▶ **Aim of the task**: I'd like the records transcribed exactly, leaving the images out.

* * * * * * * * *

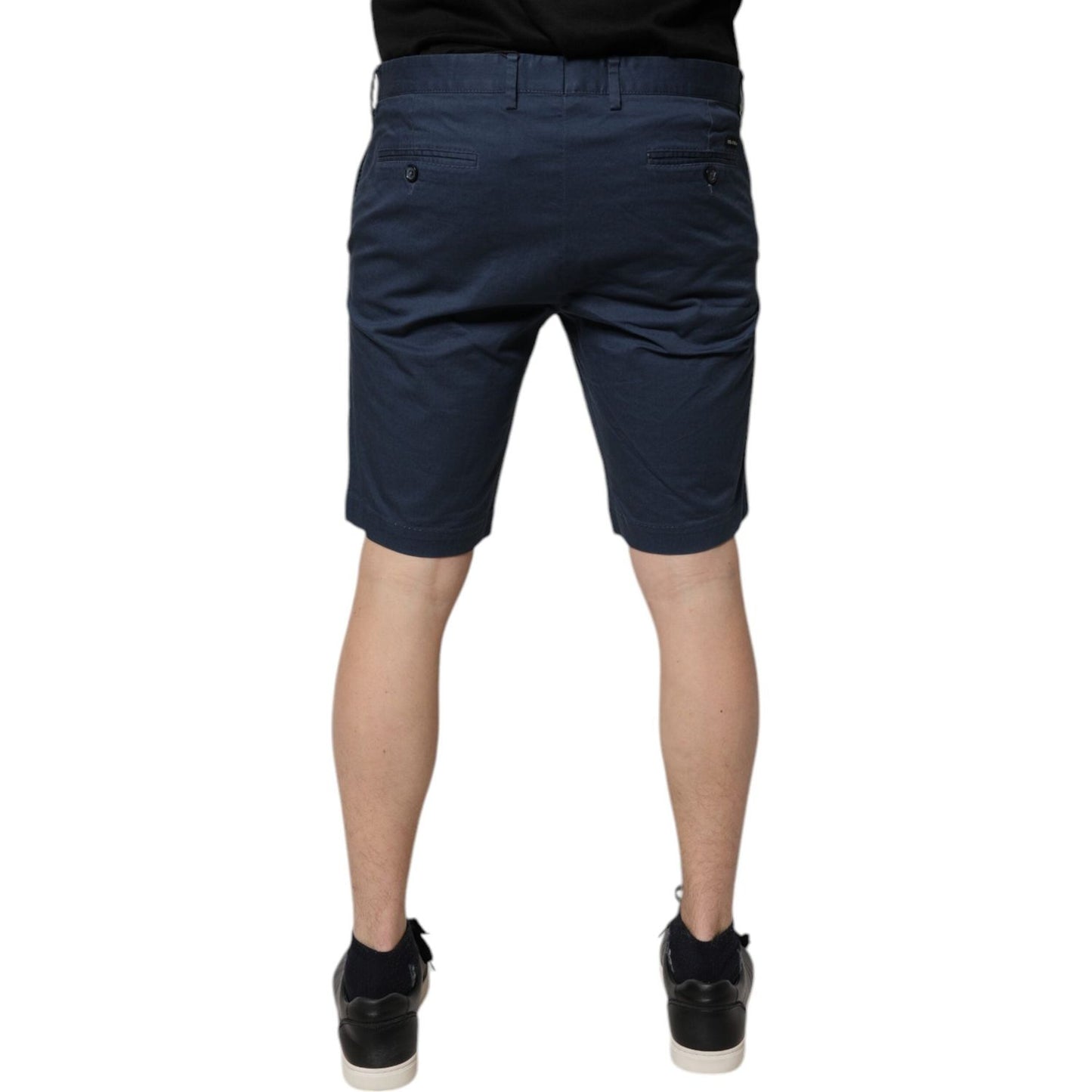 Dolce & Gabbana Blue Cotton Mid Waist Men Bermuda Shorts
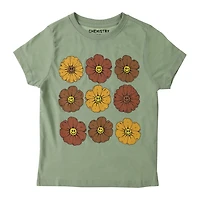 Juniors Daisy Happy Face Graphic Tee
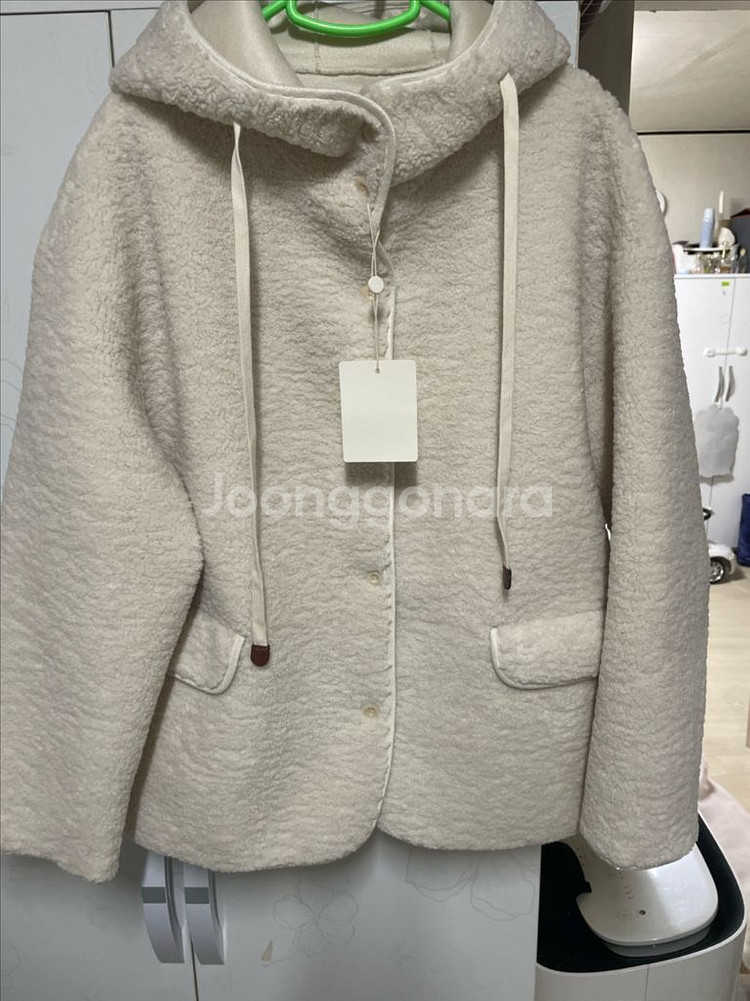 아이보리 후드 뽀글이 자켓 (새상품)--0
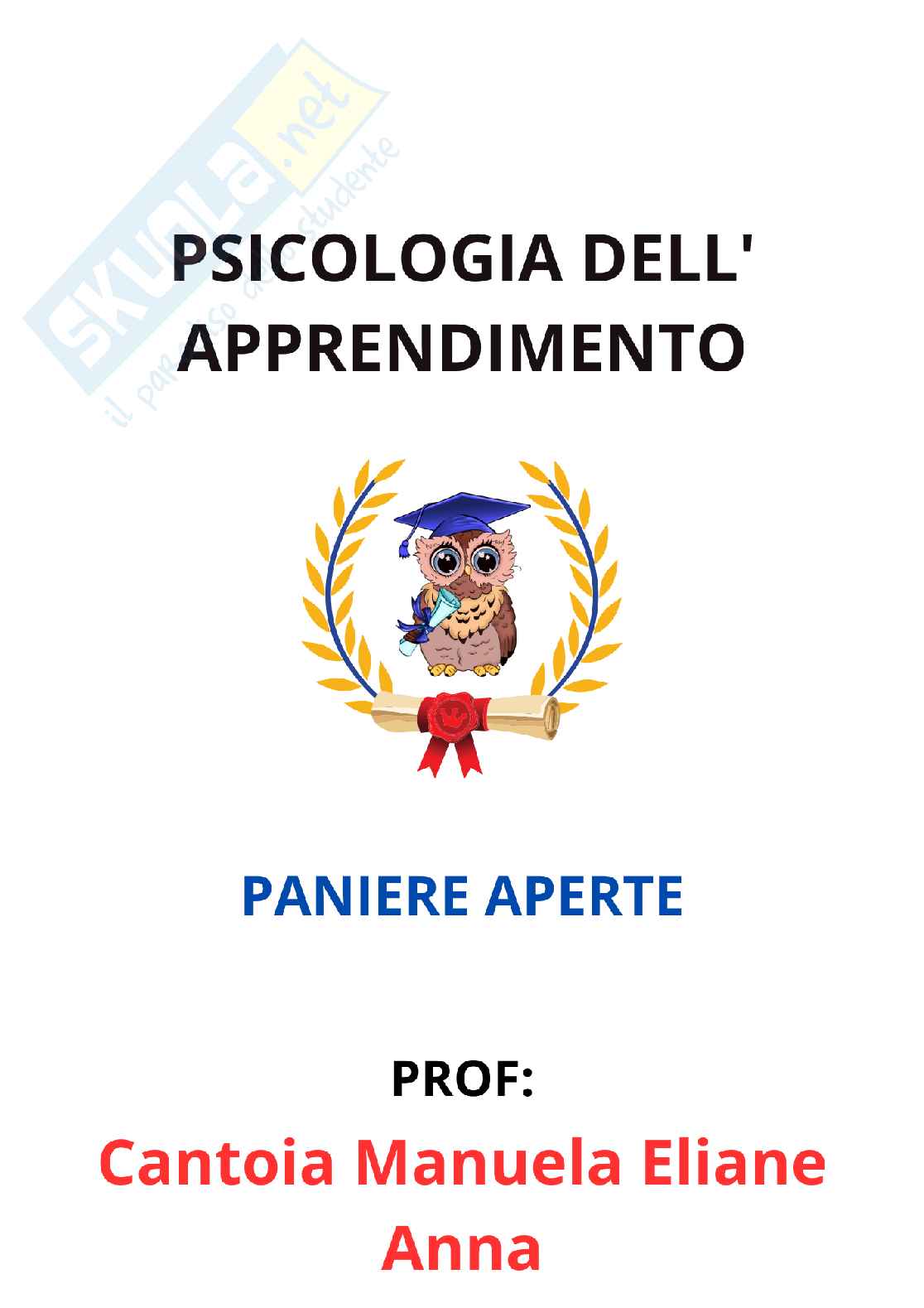 Paniere Psicologia dell'apprendimento - Risposte aperte - aggiornato (2026) Pag. 1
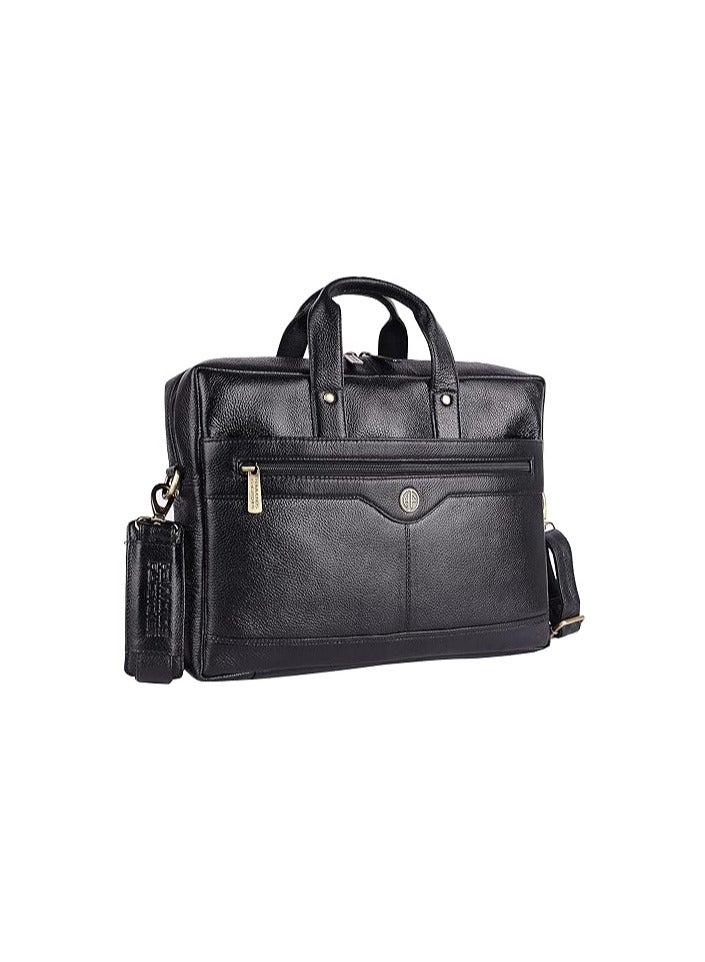Laptop Bag for Men - Leather Office Bag with Multiple Compartments - Fits 14/15.6/16 Inch Laptop Bag - Messenger and Shoulder Bag for Travel - Water Resistant - LB137BK-US4S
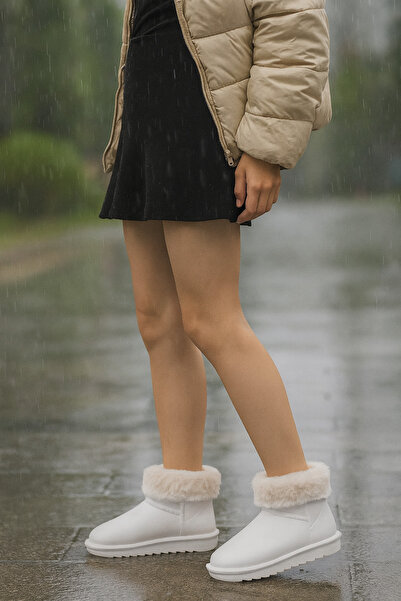 TUANA TARZ Kadın Yarım Bot Içi Tüylü Kalın Taban Kadın Bot su geçirmez Ayakkabı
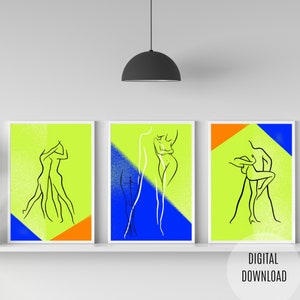 Couple One Line Drawing Print, Printable Abstract Man and Woman Nude
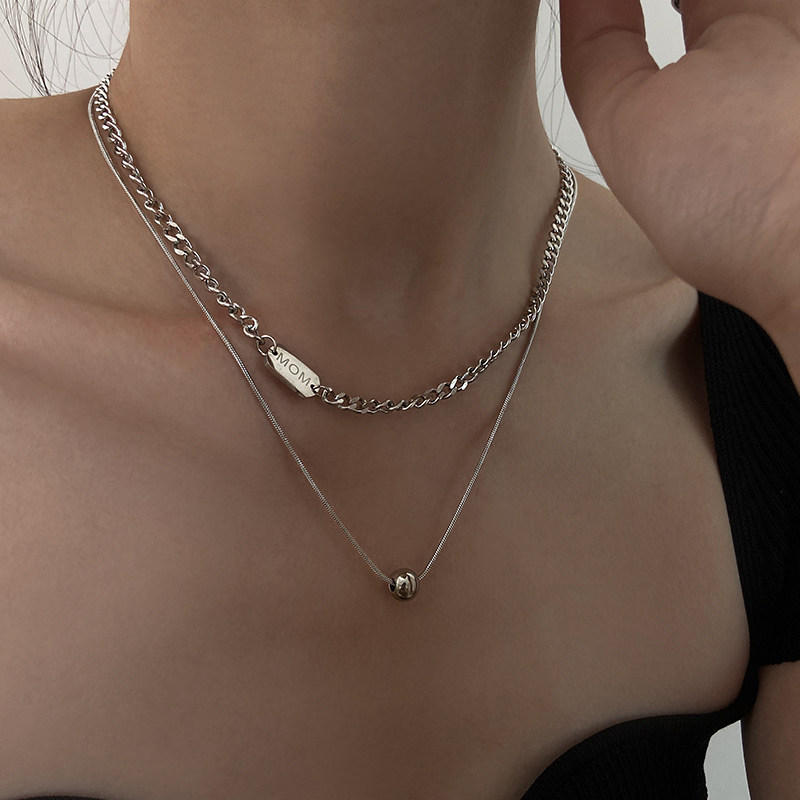双层叠带项链ins冷淡风小众设计感钛钢锁骨链颈链女夏2022年新款详情3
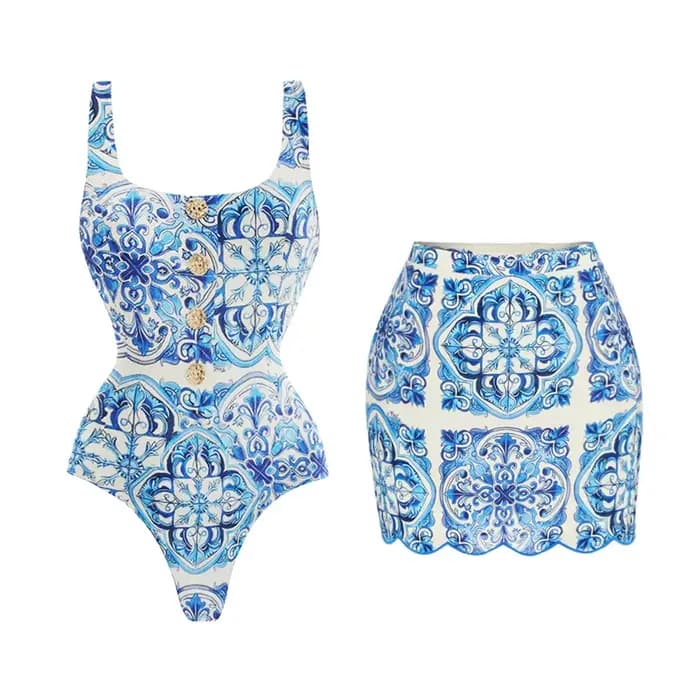 2Pc rétro imprimé maillot de bain 2026 Sexy Bikini femmes maillots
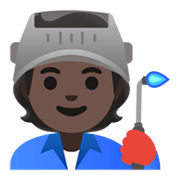 Emoji 🧑🏿‍🏭 Persona Che Lavora In Fabbrica: Carnagione Scura su Google Android 11.0 December 2020 Feature Drop.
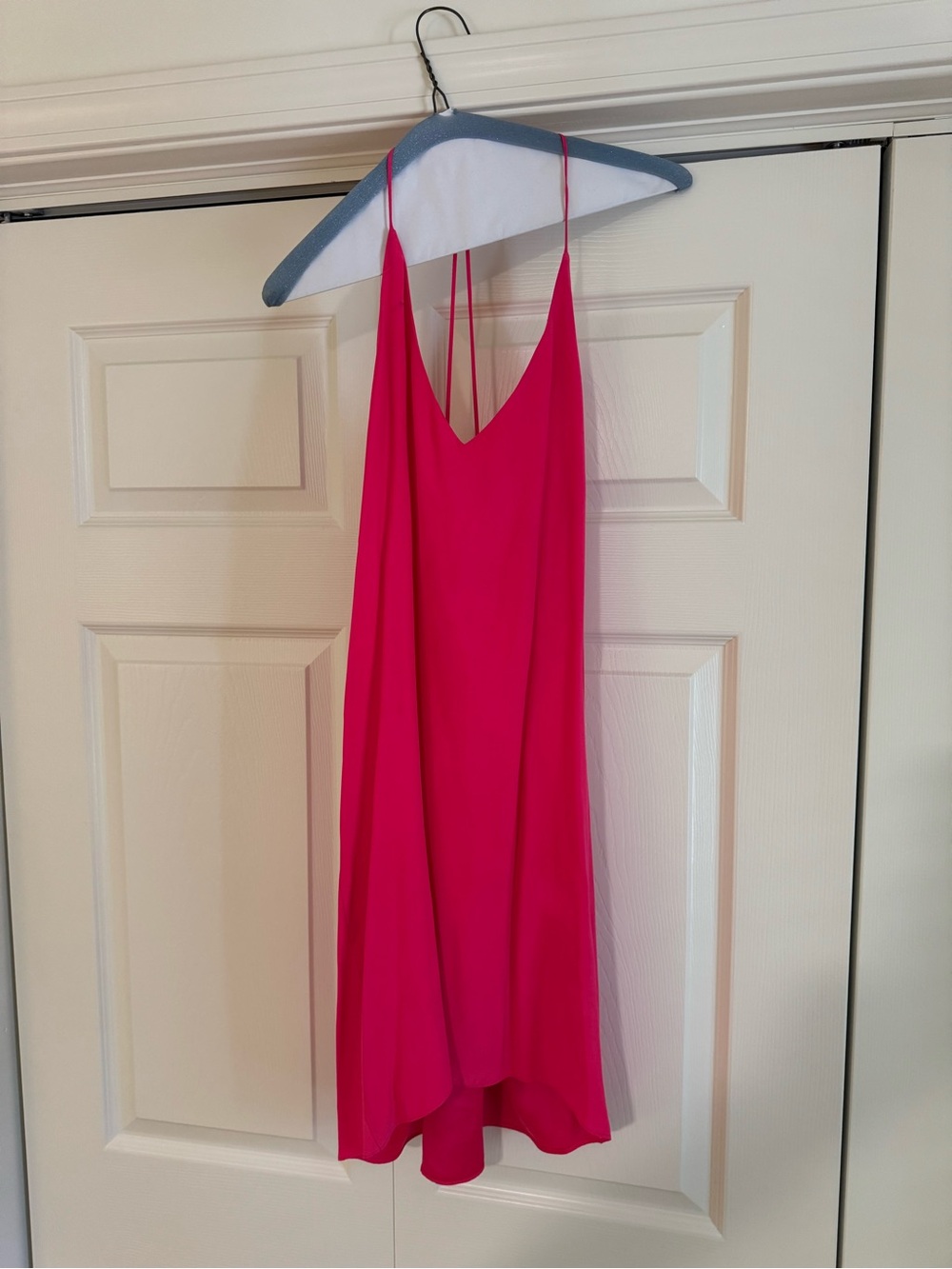 Amanda Uprichard Fuchsia Slip Dress with Spaghetti Straps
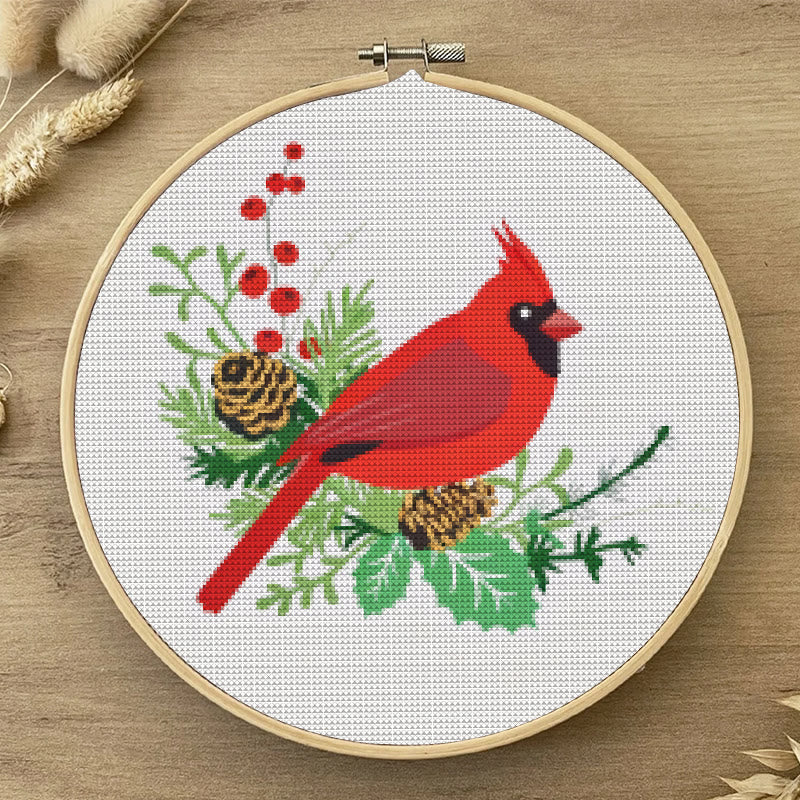  Cross Stitch Kit - Northern Cardinal | Floral Bird Stitch Art | Nice Handmade Decorative Craft  - image 1
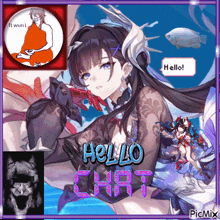 a picture of a girl with the words hello chat written on it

* * * * * * * * *

▶ **Task result**:
 Dolce & Gabbana Blue Cotton Mid Waist Men Bermuda Shorts
 Juniors Daisy Happy Face Graphic Tee
 아이보리 후드 뽀글이 자켓 (새상품)--0
 Paniere Psicologia dell'apprendimento - Risposte aperte - aggiornato (2026) Pag. 1
Laptop Bag for Men - Leather Office Bag with Multiple Compartments - Fits 14/15.6/16 Inch Laptop Bag - Messenger and Shoulder Bag for Travel - Water Resistant - LB137BK-US4S
 TUANA TARZ Kadın Yarım Bot Içi Tüylü Kalın Taban Kadın Bot su geçirmez Ayakkabı
 Couple One Line Drawing Print, Printable Abstract Man and Woman Nude
双层叠带项链ins冷淡风小众设计感钛钢锁骨链颈链女夏2022年新款详情3
 2Pc rétro imprimé maillot de bain 2026 Sexy Bikini femmes maillots
 Emoji 🧑🏿‍🏭 Persona Che Lavora In Fabbrica: Carnagione Scura su Google Android 11.0 December 2020 Feature Drop.
 Amanda Uprichard Fuchsia Slip Dress with Spaghetti Straps
  Cross Stitch Kit - Northern Cardinal | Floral Bird Stitch Art | Nice Handmade Decorative Craft  - image 1
 a picture of a girl with the words hello chat written on it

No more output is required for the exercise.